* _Exercise instructions_: Examine the records and identify each line that includes the string "Black". Copy those lines.

* _Data supplied_:
============
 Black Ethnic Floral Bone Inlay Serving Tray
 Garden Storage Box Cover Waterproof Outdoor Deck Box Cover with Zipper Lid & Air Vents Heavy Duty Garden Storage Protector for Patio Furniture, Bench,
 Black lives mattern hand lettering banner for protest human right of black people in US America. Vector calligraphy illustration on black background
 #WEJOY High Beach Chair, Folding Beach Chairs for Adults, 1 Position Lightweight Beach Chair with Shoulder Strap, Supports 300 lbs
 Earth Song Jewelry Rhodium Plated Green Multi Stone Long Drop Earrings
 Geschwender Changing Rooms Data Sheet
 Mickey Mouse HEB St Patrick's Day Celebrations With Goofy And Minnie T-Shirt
============
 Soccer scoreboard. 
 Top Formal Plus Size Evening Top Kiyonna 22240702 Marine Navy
============
* _Answer section_:
 Black Ethnic Floral Bone Inlay Serving Tray
 Black lives mattern hand lettering banner for protest human right of black people in US America. Vector calligraphy illustration on black background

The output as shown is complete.